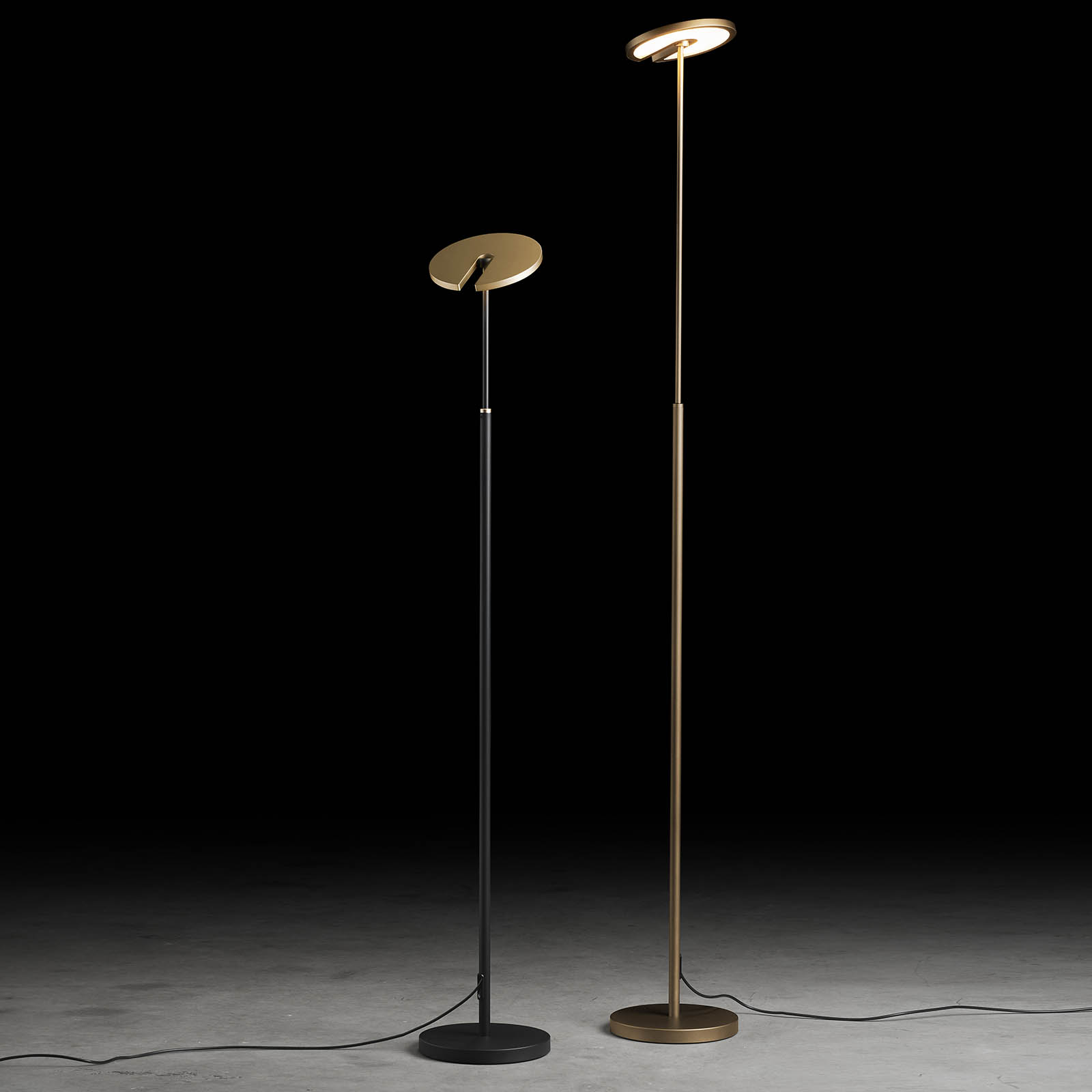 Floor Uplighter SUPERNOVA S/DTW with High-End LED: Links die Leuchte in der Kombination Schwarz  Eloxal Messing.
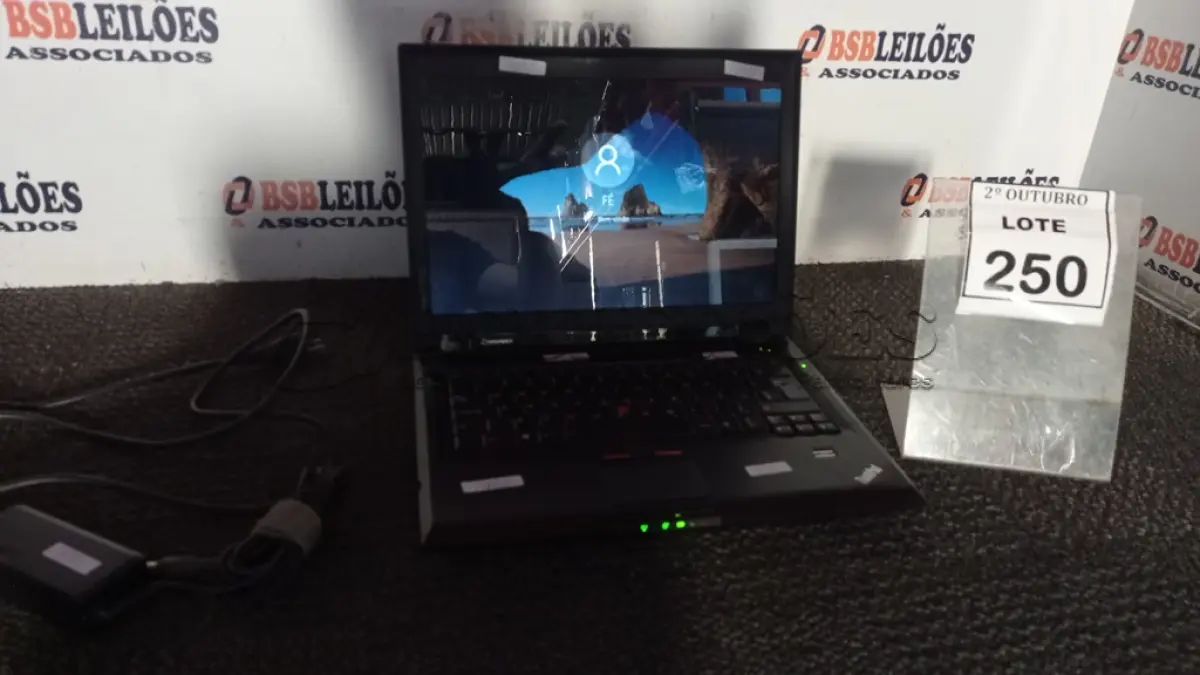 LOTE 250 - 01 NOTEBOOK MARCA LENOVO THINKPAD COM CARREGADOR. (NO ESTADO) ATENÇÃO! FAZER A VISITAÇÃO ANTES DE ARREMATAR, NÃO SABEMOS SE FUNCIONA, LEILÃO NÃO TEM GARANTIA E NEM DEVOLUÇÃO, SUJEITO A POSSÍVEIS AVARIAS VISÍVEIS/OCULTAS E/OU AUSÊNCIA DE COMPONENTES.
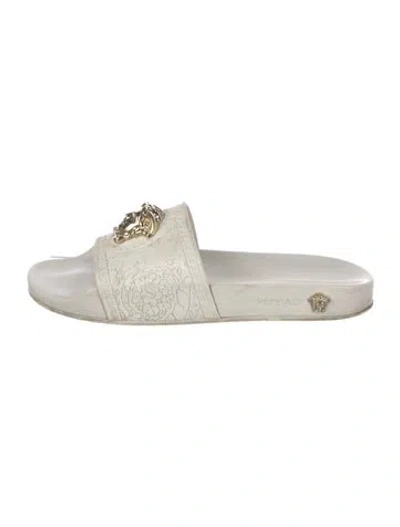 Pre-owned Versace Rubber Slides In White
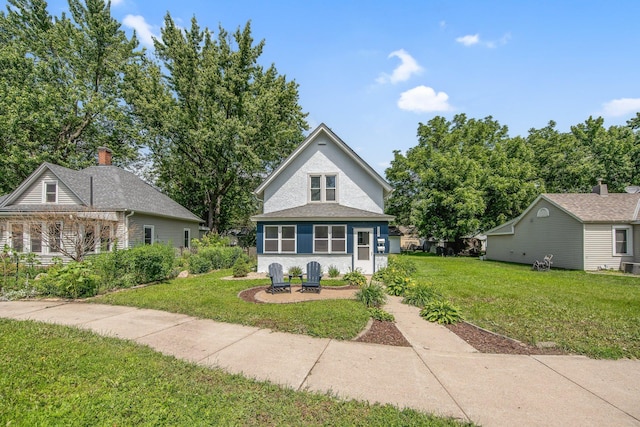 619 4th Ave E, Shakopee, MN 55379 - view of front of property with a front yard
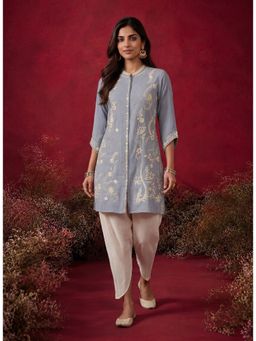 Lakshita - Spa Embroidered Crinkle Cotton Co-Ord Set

•••

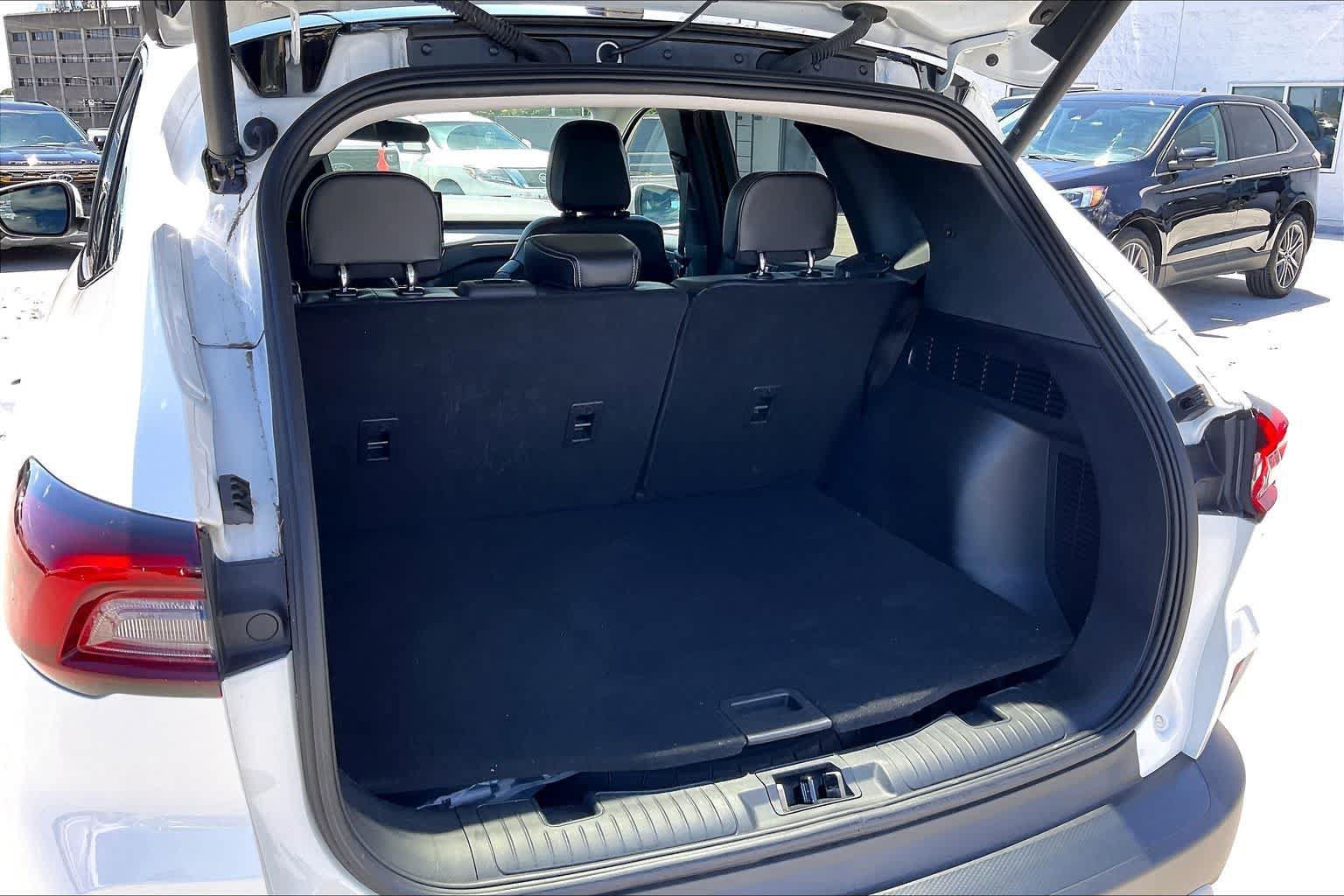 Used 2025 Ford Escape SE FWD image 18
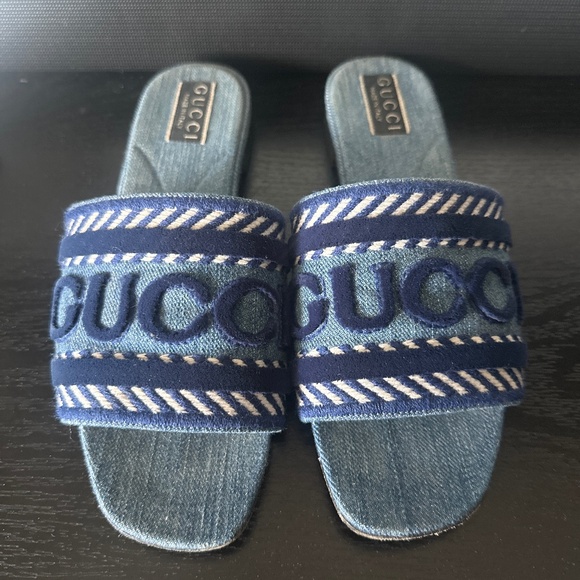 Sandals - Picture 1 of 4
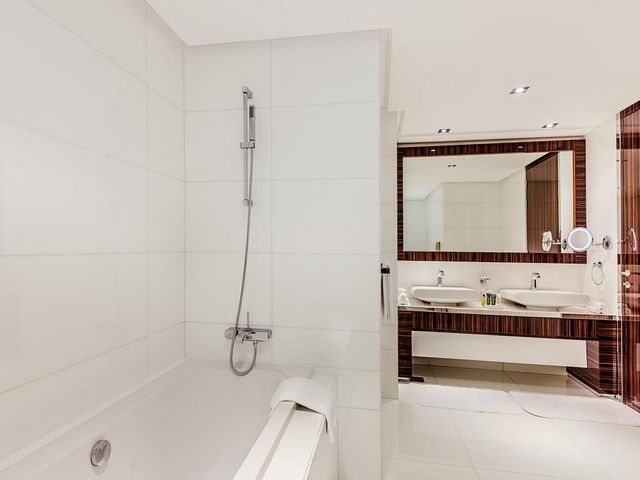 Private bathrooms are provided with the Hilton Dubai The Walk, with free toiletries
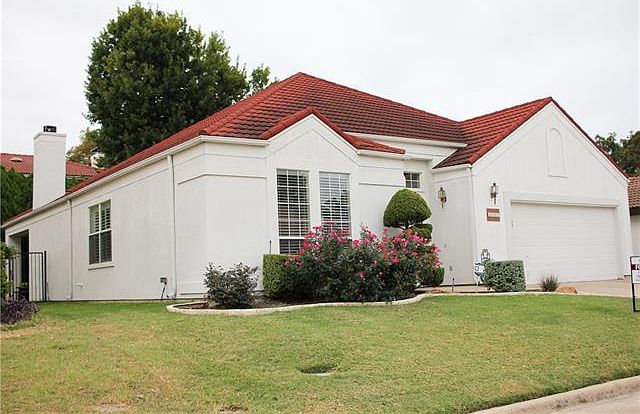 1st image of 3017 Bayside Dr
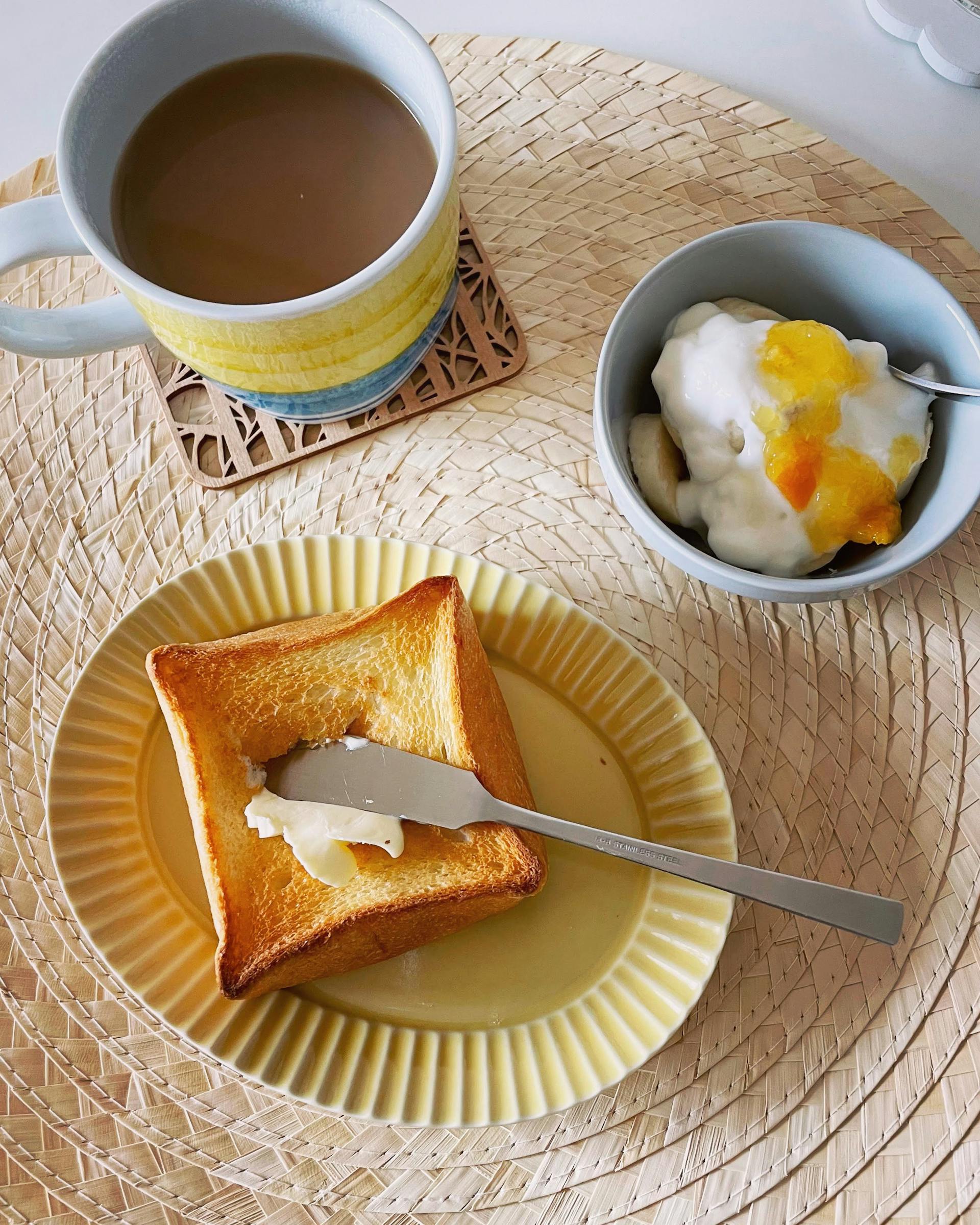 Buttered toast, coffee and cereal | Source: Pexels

•••

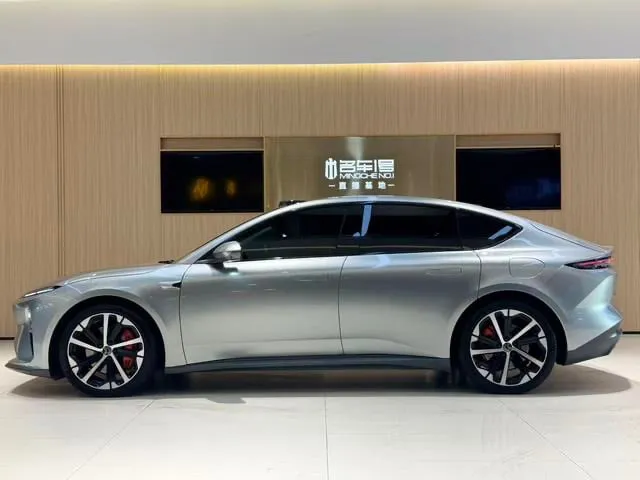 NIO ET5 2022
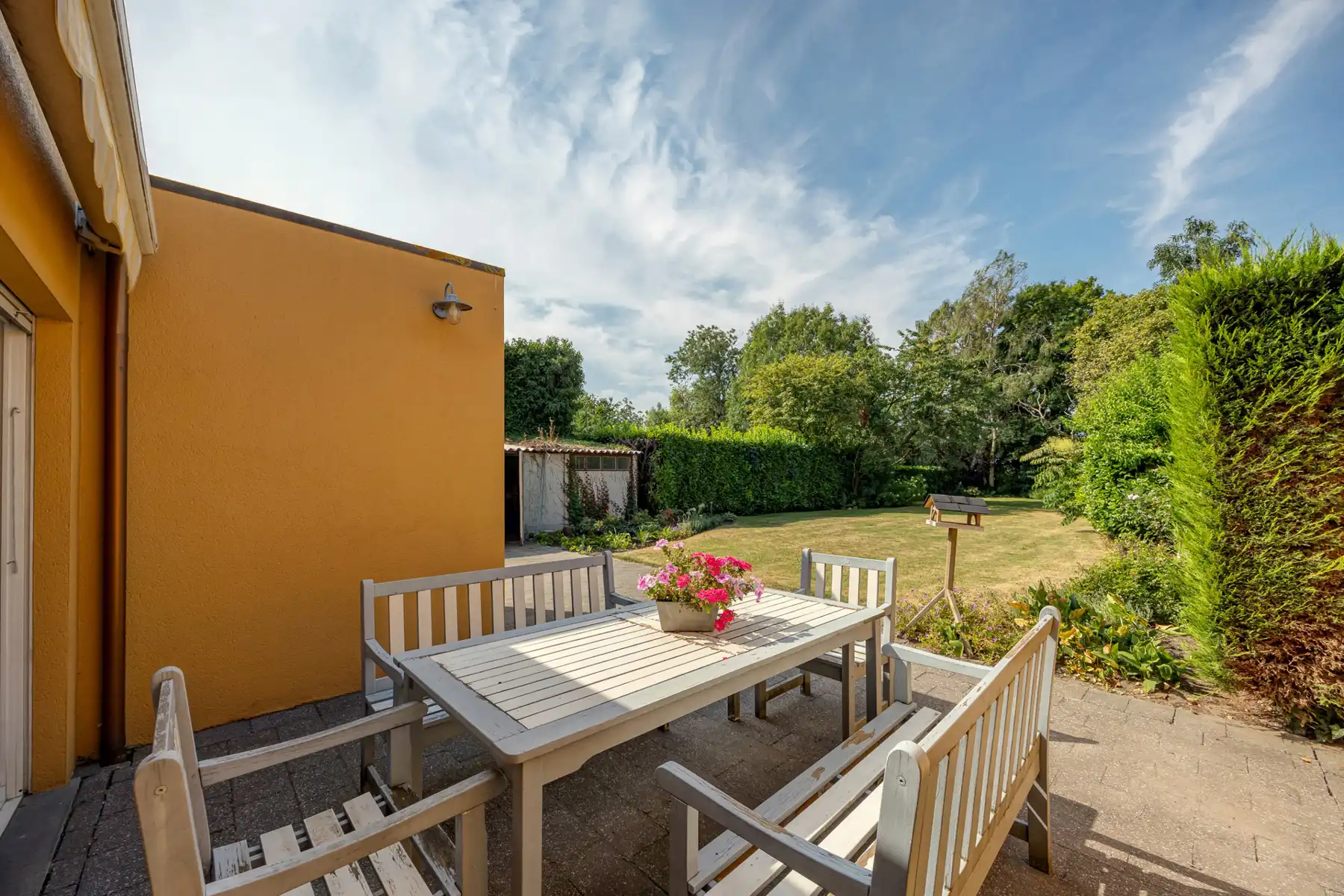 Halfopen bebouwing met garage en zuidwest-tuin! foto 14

•••

◆ TASK DESCRIPTION ◆
Return the lines above from the one with "Floor Uplighter SUPERNOVA" through the one with "Lakshita - Spa", verbatim and nothing else. Omit every picture.

◆ OUTPUT ◆
 Floor Uplighter SUPERNOVA S/DTW with High-End LED: Links die Leuchte in der Kombination Schwarz  Eloxal Messing.
 LOTE 250 - 01 NOTEBOOK MARCA LENOVO THINKPAD COM CARREGADOR. (NO ESTADO) ATENÇÃO! FAZER A VISITAÇÃO ANTES DE ARREMATAR, NÃO SABEMOS SE FUNCIONA, LEILÃO NÃO TEM GARANTIA E NEM DEVOLUÇÃO, SUJEITO A POSSÍVEIS AVARIAS VISÍVEIS/OCULTAS E/OU AUSÊNCIA DE COMPONENTES.
 Pre-owned Versace Rubber Slides In White
 619 4th Ave E, Shakopee, MN 55379 - view of front of property with a front yard
 Lakshita - Spa Embroidered Crinkle Cotton Co-Ord Set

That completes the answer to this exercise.